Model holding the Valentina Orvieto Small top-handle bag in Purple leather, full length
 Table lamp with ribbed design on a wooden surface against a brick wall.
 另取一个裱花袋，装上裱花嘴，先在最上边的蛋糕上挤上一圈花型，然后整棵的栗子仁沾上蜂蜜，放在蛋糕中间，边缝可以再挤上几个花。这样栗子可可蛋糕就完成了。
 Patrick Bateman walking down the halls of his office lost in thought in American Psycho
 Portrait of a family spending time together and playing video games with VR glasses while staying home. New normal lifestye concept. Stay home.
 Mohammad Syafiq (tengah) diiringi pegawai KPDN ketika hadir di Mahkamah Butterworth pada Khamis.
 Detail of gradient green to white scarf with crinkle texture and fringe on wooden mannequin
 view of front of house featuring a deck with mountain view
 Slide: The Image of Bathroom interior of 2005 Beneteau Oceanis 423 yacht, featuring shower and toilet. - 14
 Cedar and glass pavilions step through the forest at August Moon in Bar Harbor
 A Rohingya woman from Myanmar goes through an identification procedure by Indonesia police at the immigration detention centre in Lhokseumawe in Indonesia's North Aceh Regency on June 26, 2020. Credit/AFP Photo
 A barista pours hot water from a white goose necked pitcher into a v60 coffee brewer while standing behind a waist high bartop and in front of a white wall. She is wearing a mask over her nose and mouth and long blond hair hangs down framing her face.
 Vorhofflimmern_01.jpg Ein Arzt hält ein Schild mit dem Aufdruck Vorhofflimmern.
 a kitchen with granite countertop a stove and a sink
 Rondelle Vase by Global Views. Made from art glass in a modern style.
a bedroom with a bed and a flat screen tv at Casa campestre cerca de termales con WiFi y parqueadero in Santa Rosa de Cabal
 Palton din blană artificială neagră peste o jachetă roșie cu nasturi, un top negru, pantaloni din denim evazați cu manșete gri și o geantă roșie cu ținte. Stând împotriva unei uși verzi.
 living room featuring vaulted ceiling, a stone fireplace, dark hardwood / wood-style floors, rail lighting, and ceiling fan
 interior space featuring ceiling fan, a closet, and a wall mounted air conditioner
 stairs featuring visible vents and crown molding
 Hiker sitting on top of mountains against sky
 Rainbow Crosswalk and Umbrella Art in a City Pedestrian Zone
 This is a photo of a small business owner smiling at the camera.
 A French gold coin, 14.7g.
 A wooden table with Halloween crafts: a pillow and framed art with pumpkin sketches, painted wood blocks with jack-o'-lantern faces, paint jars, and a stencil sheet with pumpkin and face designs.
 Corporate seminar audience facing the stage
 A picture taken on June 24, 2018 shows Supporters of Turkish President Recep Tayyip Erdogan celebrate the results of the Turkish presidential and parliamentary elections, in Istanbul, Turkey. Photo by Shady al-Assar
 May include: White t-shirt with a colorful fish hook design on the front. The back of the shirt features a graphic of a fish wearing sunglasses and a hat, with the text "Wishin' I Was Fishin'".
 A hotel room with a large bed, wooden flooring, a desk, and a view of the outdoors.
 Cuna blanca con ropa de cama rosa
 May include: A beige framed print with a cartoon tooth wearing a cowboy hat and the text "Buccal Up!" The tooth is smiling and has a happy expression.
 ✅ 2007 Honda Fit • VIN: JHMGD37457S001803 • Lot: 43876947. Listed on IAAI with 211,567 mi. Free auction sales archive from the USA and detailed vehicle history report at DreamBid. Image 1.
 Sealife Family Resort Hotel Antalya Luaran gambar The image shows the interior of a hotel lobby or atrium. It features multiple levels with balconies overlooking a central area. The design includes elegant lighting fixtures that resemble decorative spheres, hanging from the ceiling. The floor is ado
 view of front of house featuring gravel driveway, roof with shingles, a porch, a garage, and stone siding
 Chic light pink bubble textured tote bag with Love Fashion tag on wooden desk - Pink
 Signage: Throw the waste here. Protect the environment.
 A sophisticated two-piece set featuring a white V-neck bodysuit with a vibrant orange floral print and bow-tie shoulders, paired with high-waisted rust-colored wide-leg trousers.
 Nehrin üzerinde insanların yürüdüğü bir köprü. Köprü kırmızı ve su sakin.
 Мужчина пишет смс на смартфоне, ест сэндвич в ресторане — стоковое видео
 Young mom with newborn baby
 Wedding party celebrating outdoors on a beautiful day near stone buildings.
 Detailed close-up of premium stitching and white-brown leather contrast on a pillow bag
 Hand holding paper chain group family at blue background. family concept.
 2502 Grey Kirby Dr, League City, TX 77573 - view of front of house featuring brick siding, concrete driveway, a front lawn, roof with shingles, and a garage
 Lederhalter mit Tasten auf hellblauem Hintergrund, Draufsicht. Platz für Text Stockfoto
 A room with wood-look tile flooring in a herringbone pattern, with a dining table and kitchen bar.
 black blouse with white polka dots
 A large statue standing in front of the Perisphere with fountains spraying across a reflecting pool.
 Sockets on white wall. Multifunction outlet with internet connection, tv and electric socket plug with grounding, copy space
================
* Requirement:
Check each line of the listing for "wearing". Show those that have it.

* Your response:
 A barista pours hot water from a white goose necked pitcher into a v60 coffee brewer while standing behind a waist high bartop and in front of a white wall. She is wearing a mask over her nose and mouth and long blond hair hangs down framing her face.
 May include: White t-shirt with a colorful fish hook design on the front. The back of the shirt features a graphic of a fish wearing sunglasses and a hat, with the text "Wishin' I Was Fishin'".
 May include: A beige framed print with a cartoon tooth wearing a cowboy hat and the text "Buccal Up!" The tooth is smiling and has a happy expression.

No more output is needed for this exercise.